◆ Problem details: Return only the lines from the one that contains "Member Insights" through the last line of the records below, exactly as they stand. Pictures are not part of the copy.

◆ Working data:
——————
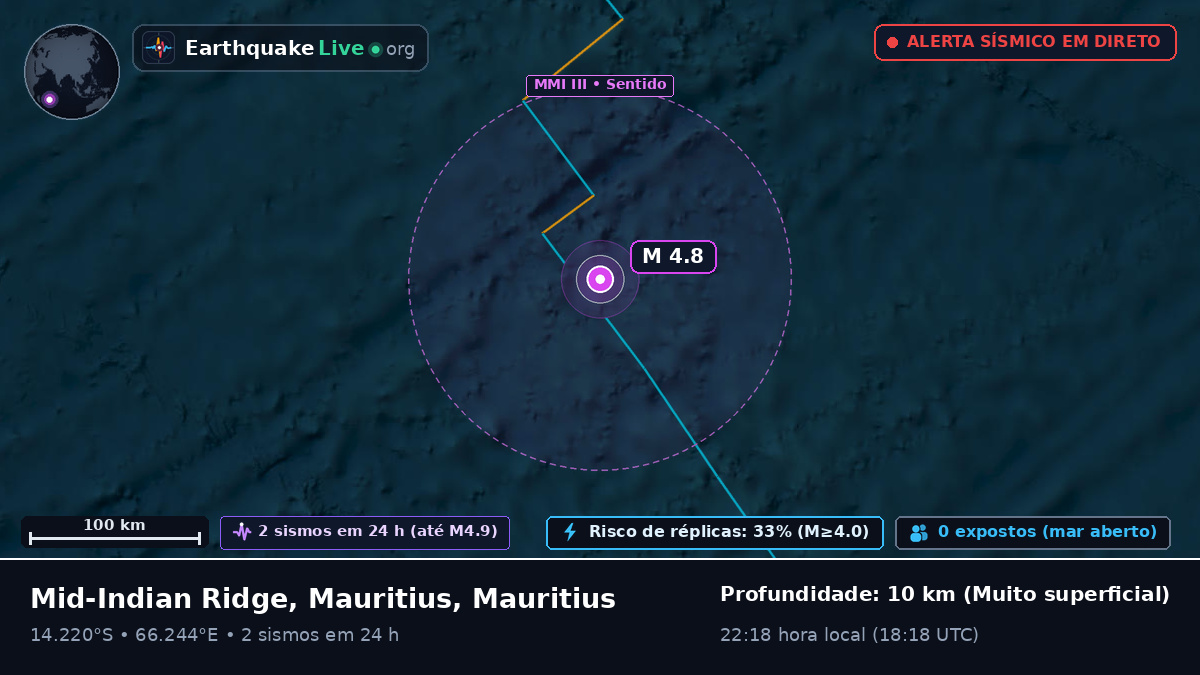 Oceano Índico (Mauritius)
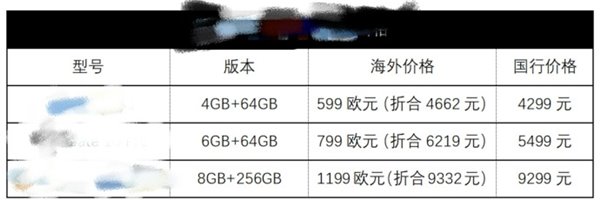 Huawei Mate 10 price list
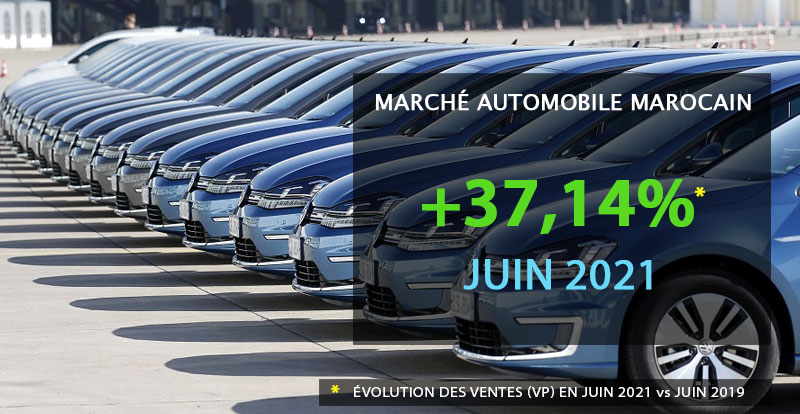 https://www.wandaloo.com/files/2021/07/Marche-Automobile-Neuve-Maroc-Juin-2021.jpg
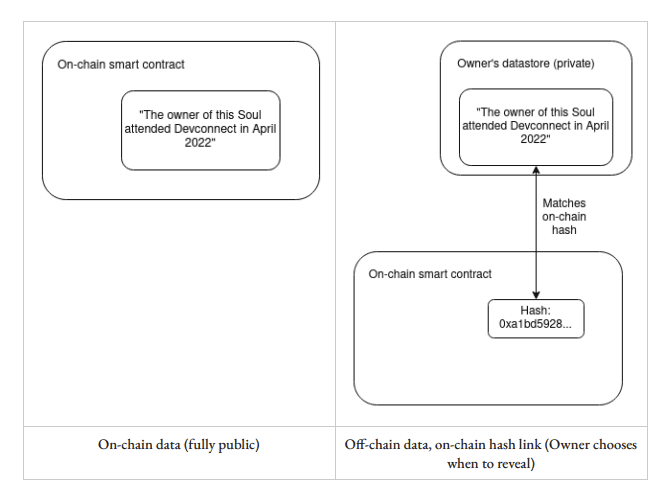 A diagram of the privacy solution set out in the whitepaper
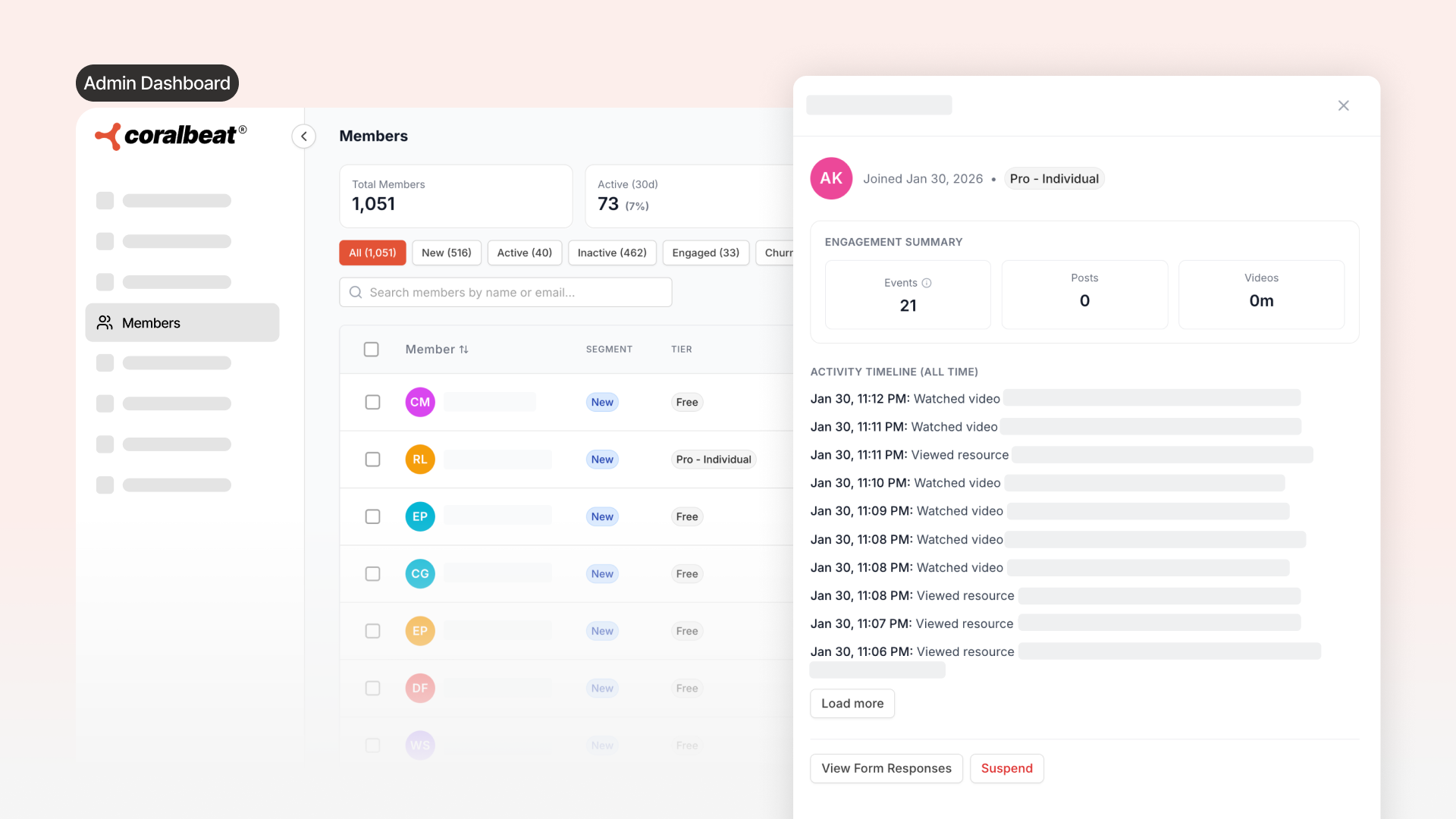 Member Insights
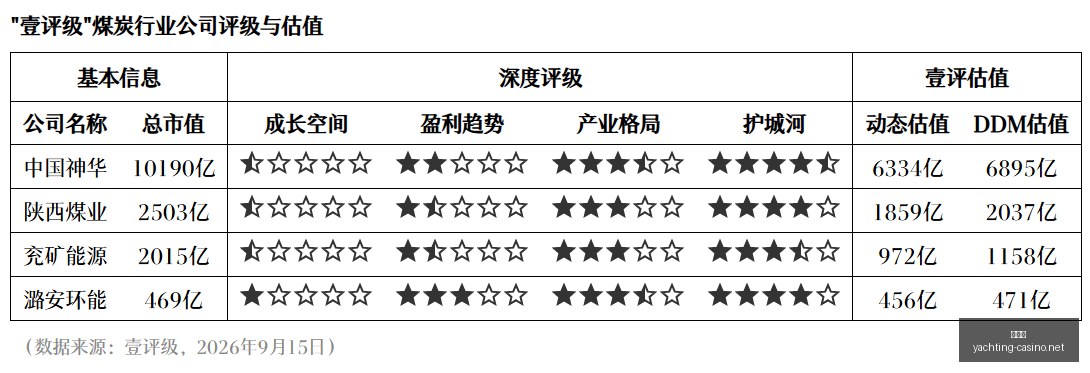 最新,巴拉德崛起,阿森纳弃将,百家乐官网,百家乐真人娱乐,百家乐赛事直播,百家乐App下载,百家乐平台登录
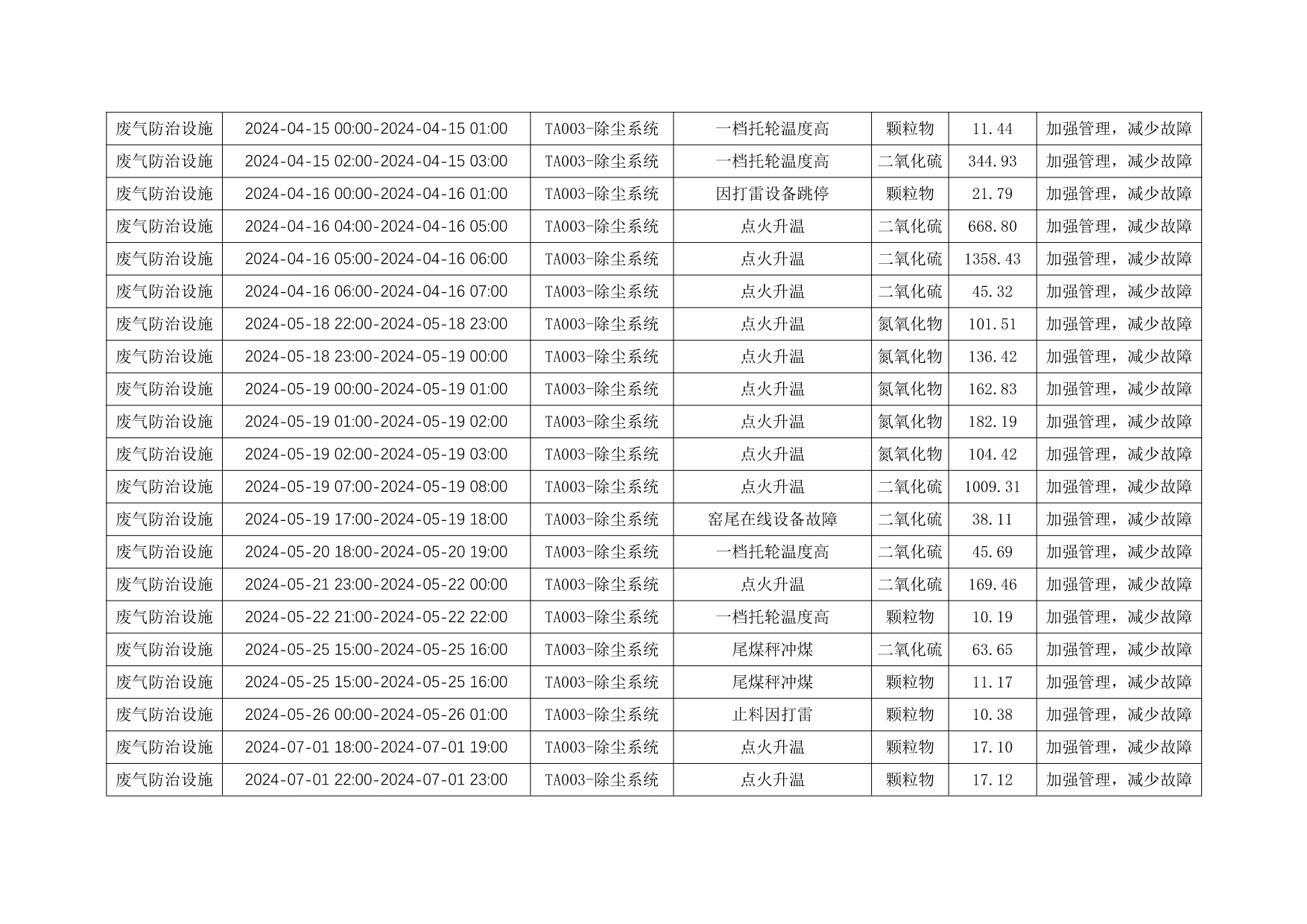 ag亚娱集团·(中国)官方网站
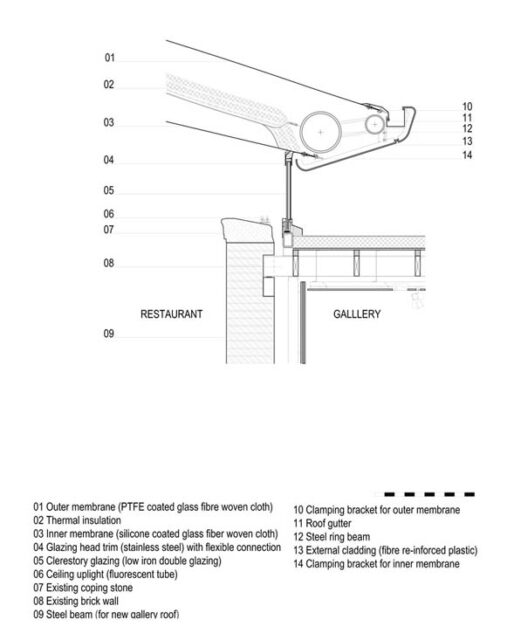 Serpentine Sackler Gallery（蛇形萨克勒画廊）丨英国伦敦丨Zaha Hadid Architects（扎哈·哈迪德建筑事务所）-46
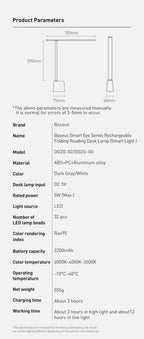 Baseus LED Desk Lamp Eye Protection Study Dimmable Office Light Foldable Table Lamp Smart Adaptive Brightness Bedside Read Lamp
——————
◆ Answer to the exercise:
 Member Insights
 最新,巴拉德崛起,阿森纳弃将,百家乐官网,百家乐真人娱乐,百家乐赛事直播,百家乐App下载,百家乐平台登录
 ag亚娱集团·(中国)官方网站
 Serpentine Sackler Gallery（蛇形萨克勒画廊）丨英国伦敦丨Zaha Hadid Architects（扎哈·哈迪德建筑事务所）-46
 Baseus LED Desk Lamp Eye Protection Study Dimmable Office Light Foldable Table Lamp Smart Adaptive Brightness Bedside Read Lamp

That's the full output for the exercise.